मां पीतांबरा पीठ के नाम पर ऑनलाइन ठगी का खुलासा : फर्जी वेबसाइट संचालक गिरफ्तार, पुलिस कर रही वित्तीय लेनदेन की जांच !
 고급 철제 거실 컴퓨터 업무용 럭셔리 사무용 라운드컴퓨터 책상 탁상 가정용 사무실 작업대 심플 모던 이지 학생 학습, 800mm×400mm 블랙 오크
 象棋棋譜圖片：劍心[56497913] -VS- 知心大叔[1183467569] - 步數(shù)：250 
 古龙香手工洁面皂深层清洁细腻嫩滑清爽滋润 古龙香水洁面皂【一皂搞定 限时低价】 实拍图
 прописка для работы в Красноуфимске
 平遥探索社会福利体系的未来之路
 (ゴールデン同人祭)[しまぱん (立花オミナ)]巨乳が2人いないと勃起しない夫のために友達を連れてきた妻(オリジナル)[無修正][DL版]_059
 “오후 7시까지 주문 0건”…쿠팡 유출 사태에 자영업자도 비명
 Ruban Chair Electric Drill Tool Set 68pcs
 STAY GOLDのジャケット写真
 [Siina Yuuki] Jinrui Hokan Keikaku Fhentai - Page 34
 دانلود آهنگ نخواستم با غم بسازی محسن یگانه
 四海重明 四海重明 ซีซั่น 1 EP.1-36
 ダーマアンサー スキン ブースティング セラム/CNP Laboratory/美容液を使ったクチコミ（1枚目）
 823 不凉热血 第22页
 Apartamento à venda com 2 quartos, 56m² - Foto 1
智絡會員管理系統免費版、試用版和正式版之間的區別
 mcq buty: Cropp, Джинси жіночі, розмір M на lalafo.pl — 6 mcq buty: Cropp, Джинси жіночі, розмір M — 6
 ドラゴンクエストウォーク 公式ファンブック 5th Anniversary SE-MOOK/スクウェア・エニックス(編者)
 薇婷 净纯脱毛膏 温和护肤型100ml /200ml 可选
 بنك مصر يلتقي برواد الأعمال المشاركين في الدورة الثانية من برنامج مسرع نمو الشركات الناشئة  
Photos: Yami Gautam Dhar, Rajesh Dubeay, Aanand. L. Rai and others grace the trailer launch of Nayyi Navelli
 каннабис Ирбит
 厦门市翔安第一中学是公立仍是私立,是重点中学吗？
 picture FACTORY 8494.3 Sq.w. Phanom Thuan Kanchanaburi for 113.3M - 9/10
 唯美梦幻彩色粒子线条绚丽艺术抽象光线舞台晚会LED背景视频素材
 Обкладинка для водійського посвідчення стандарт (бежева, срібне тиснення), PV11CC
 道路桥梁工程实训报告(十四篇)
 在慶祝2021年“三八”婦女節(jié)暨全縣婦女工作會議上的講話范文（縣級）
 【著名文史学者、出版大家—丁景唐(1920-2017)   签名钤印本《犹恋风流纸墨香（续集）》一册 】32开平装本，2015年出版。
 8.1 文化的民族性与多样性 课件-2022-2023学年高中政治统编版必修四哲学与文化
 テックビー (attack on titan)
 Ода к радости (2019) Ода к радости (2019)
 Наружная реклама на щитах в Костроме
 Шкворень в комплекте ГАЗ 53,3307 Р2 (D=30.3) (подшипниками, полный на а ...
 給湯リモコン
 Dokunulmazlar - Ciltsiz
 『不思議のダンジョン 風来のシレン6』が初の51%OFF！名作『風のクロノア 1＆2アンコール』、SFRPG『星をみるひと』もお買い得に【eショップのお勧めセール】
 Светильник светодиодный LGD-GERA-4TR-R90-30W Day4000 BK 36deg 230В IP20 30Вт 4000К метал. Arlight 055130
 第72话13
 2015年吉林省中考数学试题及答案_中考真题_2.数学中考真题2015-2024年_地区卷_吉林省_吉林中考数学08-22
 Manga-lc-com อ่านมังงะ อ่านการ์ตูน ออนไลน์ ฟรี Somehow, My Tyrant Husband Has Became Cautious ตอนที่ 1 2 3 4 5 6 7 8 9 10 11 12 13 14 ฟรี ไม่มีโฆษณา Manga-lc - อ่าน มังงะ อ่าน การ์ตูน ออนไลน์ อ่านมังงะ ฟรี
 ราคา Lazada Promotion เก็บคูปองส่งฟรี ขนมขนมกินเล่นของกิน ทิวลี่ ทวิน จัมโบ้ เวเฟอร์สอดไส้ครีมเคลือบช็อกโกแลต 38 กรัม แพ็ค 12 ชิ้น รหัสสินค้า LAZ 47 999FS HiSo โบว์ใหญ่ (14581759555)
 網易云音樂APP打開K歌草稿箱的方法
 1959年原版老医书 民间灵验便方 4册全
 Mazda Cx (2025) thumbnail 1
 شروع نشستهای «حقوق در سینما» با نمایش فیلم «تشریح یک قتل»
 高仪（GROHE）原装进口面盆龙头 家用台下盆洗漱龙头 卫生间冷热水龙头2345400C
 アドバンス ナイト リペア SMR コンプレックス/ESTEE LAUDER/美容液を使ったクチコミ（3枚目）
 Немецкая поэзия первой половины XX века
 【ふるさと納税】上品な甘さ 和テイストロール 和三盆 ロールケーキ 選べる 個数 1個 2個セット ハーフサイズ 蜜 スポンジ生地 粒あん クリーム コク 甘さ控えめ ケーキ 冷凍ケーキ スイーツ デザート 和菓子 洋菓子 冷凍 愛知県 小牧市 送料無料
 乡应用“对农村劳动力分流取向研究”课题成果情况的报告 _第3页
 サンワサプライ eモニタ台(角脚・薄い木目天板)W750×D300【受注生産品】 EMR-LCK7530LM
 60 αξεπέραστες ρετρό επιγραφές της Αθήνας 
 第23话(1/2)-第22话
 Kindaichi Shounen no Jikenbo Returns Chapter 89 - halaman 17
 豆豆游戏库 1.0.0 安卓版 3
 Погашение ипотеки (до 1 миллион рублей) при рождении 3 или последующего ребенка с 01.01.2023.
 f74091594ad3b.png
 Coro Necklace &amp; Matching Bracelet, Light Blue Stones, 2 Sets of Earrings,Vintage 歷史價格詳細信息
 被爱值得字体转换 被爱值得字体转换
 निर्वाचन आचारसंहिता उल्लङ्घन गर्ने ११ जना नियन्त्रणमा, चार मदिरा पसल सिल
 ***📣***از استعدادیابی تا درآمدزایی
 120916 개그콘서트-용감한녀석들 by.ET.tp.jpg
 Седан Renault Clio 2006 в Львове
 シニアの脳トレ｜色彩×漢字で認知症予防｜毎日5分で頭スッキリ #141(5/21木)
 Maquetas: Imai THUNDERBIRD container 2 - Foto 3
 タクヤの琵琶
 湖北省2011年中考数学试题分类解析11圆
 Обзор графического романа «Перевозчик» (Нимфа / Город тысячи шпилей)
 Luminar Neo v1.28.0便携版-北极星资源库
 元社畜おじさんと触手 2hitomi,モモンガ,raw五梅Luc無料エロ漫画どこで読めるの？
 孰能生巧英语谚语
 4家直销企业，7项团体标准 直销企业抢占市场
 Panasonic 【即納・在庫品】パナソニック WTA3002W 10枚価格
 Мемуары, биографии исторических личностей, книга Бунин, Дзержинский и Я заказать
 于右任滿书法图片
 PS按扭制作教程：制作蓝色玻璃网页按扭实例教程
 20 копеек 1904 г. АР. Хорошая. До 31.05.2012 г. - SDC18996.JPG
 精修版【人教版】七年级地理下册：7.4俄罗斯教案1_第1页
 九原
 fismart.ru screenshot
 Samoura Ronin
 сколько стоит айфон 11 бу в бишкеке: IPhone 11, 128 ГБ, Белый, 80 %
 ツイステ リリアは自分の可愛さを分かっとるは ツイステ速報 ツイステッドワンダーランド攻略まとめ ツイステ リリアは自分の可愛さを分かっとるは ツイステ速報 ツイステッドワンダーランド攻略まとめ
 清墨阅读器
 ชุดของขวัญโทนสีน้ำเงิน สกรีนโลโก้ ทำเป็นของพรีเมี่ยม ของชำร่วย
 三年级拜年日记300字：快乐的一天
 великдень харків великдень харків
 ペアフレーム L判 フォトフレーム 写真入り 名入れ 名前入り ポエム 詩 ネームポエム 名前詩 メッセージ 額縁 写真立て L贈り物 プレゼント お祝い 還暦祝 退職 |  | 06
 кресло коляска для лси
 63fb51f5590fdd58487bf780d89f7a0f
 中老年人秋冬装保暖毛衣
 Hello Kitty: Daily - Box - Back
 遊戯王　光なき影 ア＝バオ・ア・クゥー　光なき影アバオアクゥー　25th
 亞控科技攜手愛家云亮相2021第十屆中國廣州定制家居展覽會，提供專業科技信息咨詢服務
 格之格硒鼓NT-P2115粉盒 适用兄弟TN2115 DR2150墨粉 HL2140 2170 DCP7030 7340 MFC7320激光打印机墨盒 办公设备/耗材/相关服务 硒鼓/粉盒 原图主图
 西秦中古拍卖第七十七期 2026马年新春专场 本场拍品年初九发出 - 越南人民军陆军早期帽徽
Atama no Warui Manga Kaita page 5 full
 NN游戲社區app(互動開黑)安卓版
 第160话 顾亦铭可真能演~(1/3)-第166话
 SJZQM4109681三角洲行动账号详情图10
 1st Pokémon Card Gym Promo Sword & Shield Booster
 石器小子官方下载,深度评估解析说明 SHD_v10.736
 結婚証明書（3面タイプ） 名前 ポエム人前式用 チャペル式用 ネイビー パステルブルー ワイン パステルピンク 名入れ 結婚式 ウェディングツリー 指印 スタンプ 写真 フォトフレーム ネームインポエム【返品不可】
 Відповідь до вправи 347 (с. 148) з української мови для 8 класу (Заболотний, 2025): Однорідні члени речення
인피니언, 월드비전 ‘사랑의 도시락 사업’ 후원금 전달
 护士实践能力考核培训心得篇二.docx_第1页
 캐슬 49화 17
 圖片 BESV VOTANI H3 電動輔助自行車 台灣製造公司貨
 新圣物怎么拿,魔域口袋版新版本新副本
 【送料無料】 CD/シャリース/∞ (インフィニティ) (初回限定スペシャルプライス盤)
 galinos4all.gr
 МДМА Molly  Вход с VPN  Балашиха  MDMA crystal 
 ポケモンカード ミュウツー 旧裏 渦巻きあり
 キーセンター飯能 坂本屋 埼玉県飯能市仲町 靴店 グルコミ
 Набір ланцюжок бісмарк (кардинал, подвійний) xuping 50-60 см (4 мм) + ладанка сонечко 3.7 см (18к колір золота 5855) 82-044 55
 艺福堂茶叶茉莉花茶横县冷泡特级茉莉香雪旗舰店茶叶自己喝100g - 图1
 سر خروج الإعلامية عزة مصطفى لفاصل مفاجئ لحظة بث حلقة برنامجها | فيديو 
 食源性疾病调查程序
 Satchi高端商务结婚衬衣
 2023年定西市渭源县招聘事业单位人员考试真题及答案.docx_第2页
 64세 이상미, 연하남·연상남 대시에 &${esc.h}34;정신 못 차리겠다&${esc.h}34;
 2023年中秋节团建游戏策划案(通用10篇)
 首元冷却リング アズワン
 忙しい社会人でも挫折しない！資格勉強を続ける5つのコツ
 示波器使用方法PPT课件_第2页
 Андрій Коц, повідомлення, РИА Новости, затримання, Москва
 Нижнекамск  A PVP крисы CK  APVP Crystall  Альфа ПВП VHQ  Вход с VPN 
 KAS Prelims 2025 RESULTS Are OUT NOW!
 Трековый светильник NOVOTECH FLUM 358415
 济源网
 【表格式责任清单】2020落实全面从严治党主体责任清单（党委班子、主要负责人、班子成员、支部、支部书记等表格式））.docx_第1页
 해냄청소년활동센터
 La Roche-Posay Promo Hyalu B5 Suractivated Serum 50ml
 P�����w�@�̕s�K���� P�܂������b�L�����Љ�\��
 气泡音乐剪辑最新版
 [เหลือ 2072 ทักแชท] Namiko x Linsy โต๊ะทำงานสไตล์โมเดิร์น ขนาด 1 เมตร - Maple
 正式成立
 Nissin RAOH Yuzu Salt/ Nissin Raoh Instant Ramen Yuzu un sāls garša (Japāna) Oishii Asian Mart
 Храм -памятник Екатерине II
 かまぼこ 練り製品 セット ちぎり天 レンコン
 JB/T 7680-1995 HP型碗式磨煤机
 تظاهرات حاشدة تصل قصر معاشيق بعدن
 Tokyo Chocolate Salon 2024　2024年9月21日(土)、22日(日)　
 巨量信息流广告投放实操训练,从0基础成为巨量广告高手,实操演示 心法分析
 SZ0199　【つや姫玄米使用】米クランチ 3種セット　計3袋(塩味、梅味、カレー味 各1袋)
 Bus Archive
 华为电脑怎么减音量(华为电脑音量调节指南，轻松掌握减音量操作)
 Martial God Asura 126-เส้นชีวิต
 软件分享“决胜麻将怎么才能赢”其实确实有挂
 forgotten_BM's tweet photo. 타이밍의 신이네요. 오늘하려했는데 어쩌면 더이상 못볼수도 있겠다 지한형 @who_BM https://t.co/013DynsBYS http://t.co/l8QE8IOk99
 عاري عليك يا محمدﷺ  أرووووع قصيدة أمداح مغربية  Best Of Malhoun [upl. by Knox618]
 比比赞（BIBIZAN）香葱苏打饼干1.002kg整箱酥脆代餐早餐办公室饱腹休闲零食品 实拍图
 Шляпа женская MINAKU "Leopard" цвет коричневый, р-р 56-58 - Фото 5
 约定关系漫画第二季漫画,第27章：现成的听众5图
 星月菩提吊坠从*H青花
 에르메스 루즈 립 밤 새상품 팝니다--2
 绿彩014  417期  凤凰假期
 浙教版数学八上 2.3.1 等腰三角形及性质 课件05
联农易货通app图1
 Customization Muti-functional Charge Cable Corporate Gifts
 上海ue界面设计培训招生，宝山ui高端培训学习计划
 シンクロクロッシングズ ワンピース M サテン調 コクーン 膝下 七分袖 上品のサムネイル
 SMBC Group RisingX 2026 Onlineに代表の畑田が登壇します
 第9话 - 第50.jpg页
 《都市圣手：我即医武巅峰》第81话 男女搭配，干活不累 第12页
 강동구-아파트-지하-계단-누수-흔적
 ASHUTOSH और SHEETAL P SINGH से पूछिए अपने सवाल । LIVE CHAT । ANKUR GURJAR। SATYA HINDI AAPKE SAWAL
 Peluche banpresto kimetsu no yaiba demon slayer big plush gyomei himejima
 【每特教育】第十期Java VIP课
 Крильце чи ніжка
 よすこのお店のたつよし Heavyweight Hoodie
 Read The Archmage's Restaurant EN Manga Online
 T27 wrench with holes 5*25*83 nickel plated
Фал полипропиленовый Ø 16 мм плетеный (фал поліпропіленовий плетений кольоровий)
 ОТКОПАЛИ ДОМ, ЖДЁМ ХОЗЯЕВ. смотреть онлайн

**DIRECTIONS FOR THIS TASK**
Among the lines above, find those holding "Foto" and copy each one.

**RESPONSE TO THE EXERCISE**
 Apartamento à venda com 2 quartos, 56m² - Foto 1
 Maquetas: Imai THUNDERBIRD container 2 - Foto 3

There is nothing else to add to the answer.